The nature of the confessional in the Catholic Church has changed greatly over the centuries. I believe the confessional box as a barrier between priest and penitent, was instituted by Cardinal Borromeo in the mid 1500s for a number of reasons, including a propensity of the clergy to take advantage of women who came to them for confession.
In 1910, Pope Pius X lowered to 7 the age at which young people had to attend confession, along with a requirement for everyone to attend more regularly. A number of Catholic academics and writers have noted that this regular, solitary, proximity to children provided more opportunity for some priests to follow their nefarious proclivities.
To claim, in the 21st century some sort of "divine" imprimatur for breaking the law (both legislative and moral) is outrageous. Father Lee should be condemned by everyone for his position on this issue that has so tragically affected countless lives.
Geoff Brown, Wodonga
Gender 'is' an issue
A La Trobe University study found that 'systematic discrimination against females starts in the womb'. Within some Victorian communities predominantly made up of Indian and Chinese cultures boys were born at the rate of 122 and 125 for every girl born. This unnaturally and significantly defies the standard birth rate of 105 boys for 100 girls.
I also note the Director of Marie Stopes statement in his submission to NSW Parliament states that 'further public debate or amendments on this issue has the potential to discriminate against multicultural and diverse communities in Australia.'
If in fact these communities are not seeking sex-selection abortion, how can banning them be discriminatory? Furthermore, since when did the public become so irrelevant as contributors to such important legislation that abortion providers feel empowered to state they shouldn't be allowed to debate?
Debbie Garratt, Wodonga
We are so far behind
During a damning speech on climate change inaction, Sir David Attenborough singled out Australia as a country where science sceptics continue to hold positions of power.
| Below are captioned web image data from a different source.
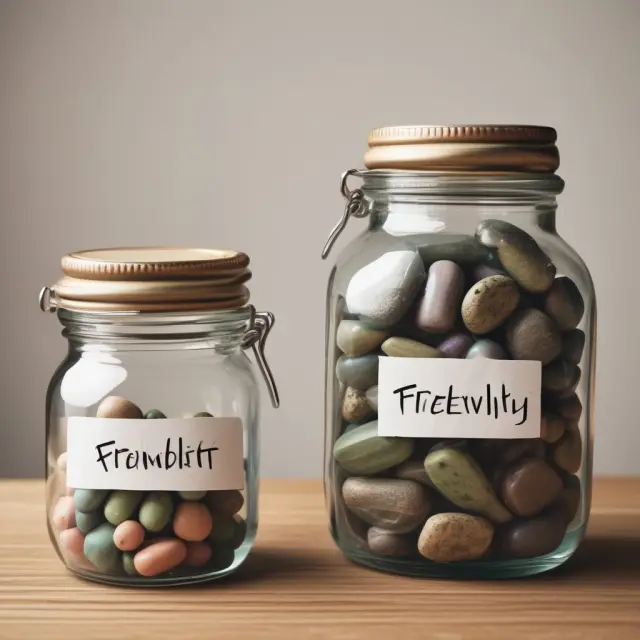 Two interconnected jars, one labeled
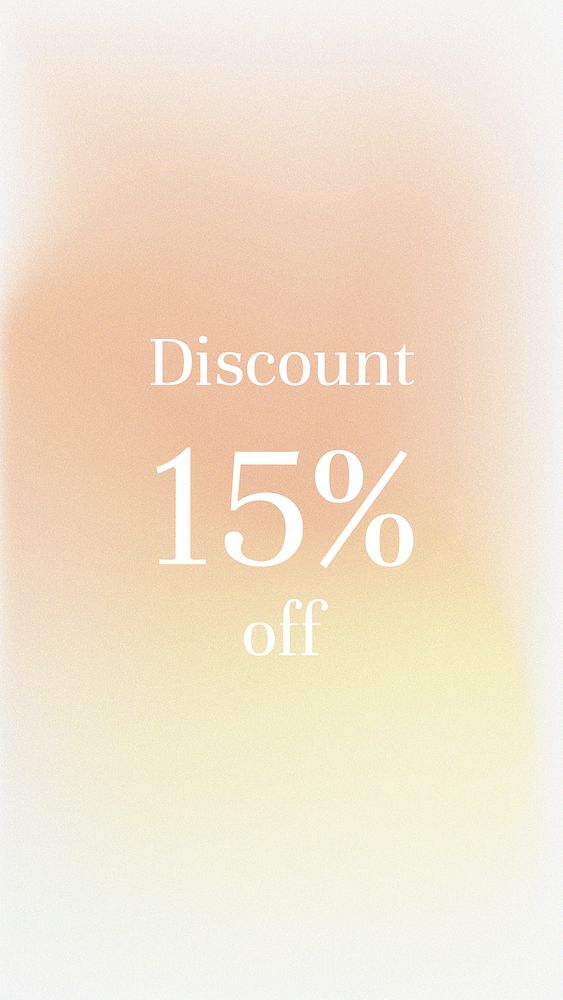 Psd discount 15% off sale banner gradient blur template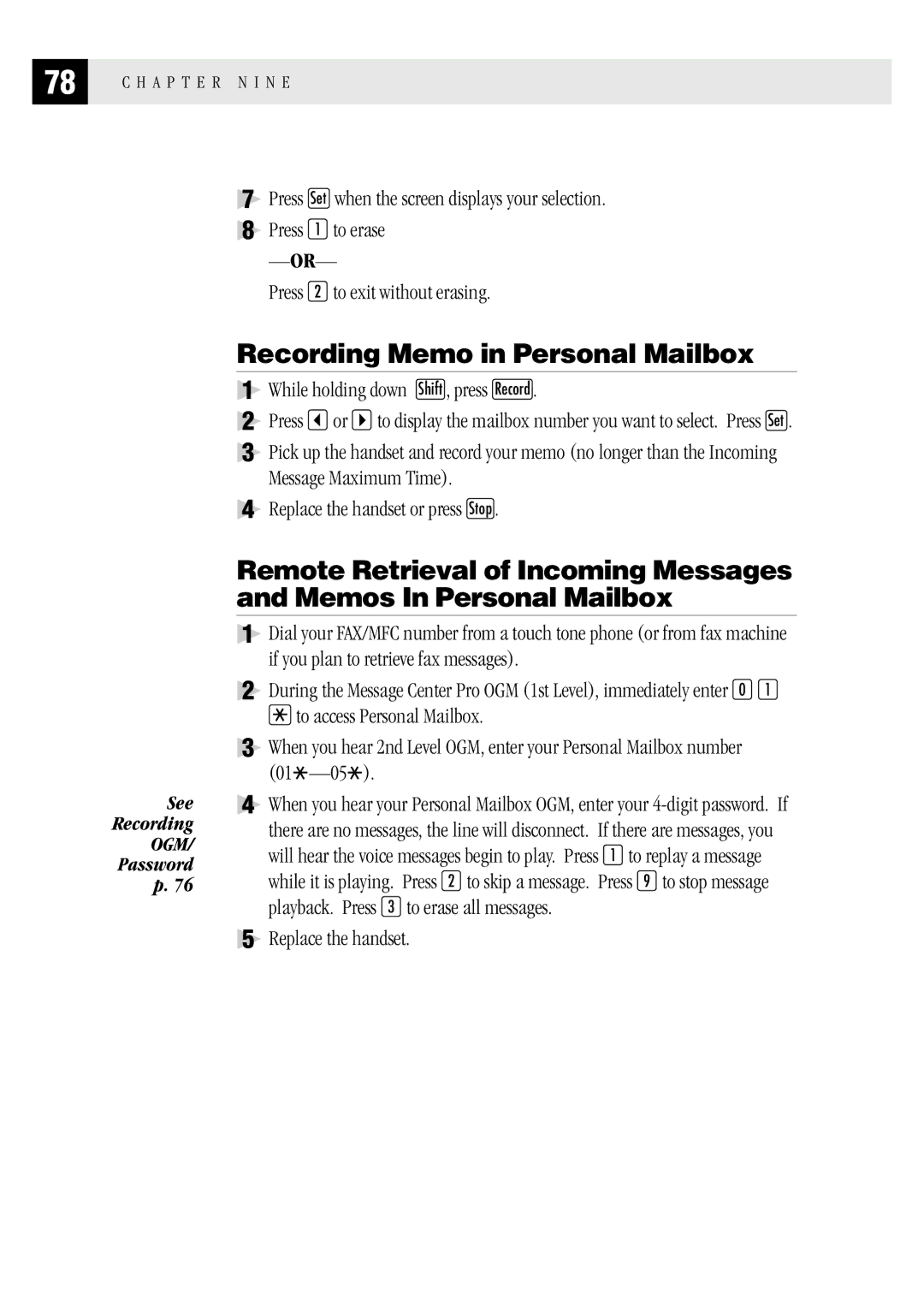 Brother FAX1 570MC, MFC 1970MC, MFC 1870MC owner manual Recording Memo in Personal Mailbox, Replace the handset 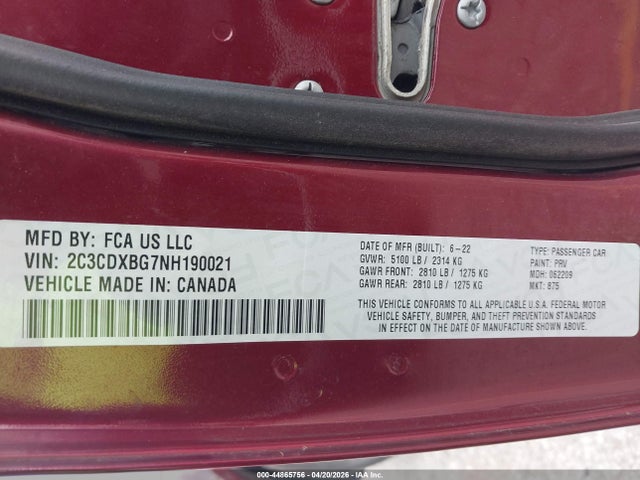 Продаж на аукціоні авто 2022 Dodge Charger Sxt Rwd, vin: 2C3CDXBG7NH190021, номер лоту: 44865756
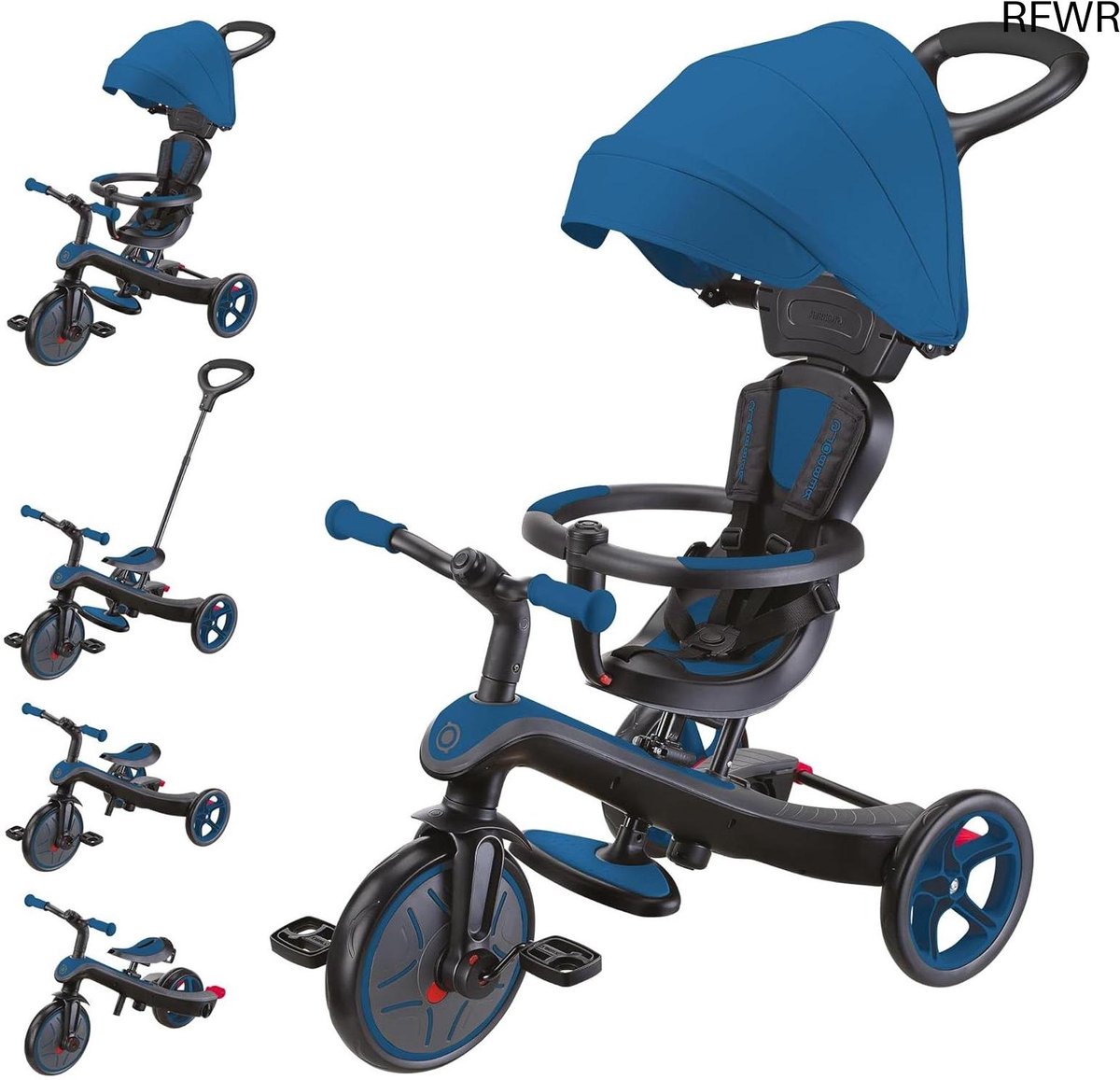 RFWR® 4-in-1 Driewieler en Loopfiets voor Peuters - Schaalbare Comfort Driewieler voor Kinderen van 10 maanden tot 5 jaar - Marineblauw (8721316117429)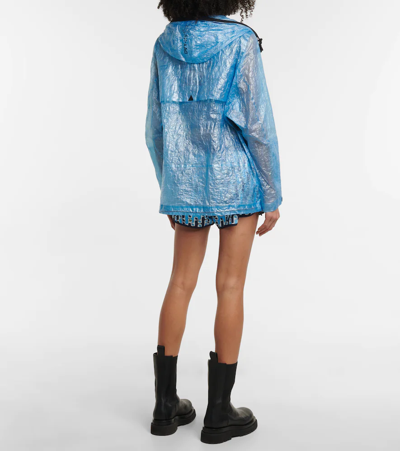 Shop Moncler Landry Raincoat In Blue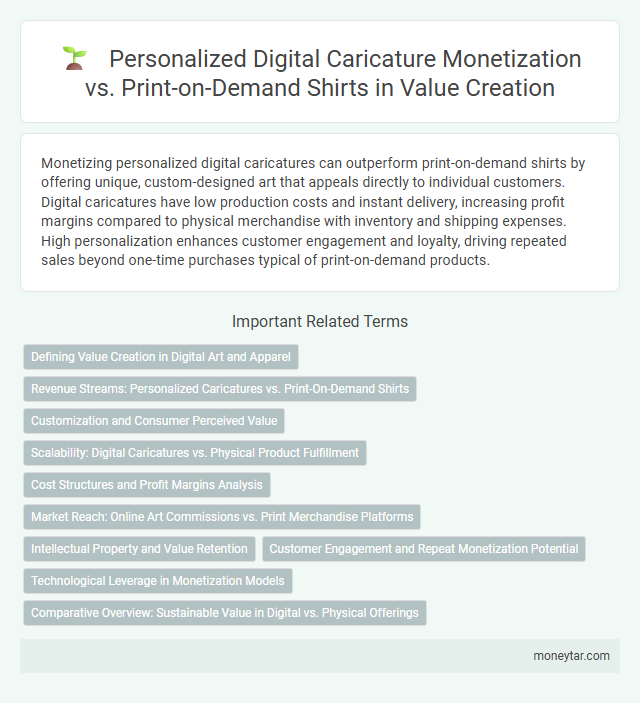 Personalized Digital Caricature Monetization vs. Print-on-Demand Shirts in Value Creation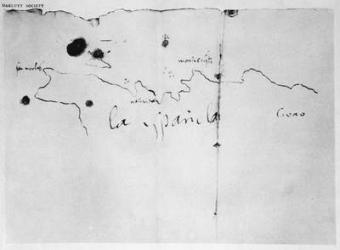 Sketch of the coast of Espanola, drawn by Columbus on the first voyage, from the original in the possession of the Duque de Berwick y de Alba, 1492 (ink on paper) | Obraz na stenu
Sir David's address to British MPs included a silver lining of hope that young people today are trying their best to tackle the environmental crisis.
There are many public figures who continue to question climate change in Australia. One such person is radio announcer Alan Jones, along with One Nation Senator Pauline Hanson who believes that climate change is "fake".
Then we have Prime Minister Scott Morrison who brought a lump of coal into Parliament during question time. He was critical of the climate school strike and was an open opponent to the initiative.